**WORK TASK:** Could you retype all of the data below exactly as given?

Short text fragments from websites
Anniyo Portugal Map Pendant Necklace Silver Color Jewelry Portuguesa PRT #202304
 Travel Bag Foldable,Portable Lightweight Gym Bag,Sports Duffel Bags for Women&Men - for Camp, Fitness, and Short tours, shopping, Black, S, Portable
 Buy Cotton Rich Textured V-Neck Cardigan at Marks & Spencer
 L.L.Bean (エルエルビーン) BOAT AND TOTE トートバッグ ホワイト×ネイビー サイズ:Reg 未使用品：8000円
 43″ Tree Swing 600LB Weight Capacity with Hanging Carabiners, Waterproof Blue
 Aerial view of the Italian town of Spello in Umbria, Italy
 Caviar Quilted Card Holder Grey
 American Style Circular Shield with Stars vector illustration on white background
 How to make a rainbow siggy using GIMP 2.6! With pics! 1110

**ANSWER BOX:**
Anniyo Portugal Map Pendant Necklace Silver Color Jewelry Portuguesa PRT #202304
 Travel Bag Foldable,Portable Lightweight Gym Bag,Sports Duffel Bags for Women&Men - for Camp, Fitness, and Short tours, shopping, Black, S, Portable
 Buy Cotton Rich Textured V-Neck Cardigan at Marks & Spencer
 L.L.Bean (エルエルビーン) BOAT AND TOTE トートバッグ ホワイト×ネイビー サイズ:Reg 未使用品：8000円
 43″ Tree Swing 600LB Weight Capacity with Hanging Carabiners, Waterproof Blue
 Aerial view of the Italian town of Spello in Umbria, Italy
 Caviar Quilted Card Holder Grey
 American Style Circular Shield with Stars vector illustration on white background
 How to make a rainbow siggy using GIMP 2.6! With pics! 1110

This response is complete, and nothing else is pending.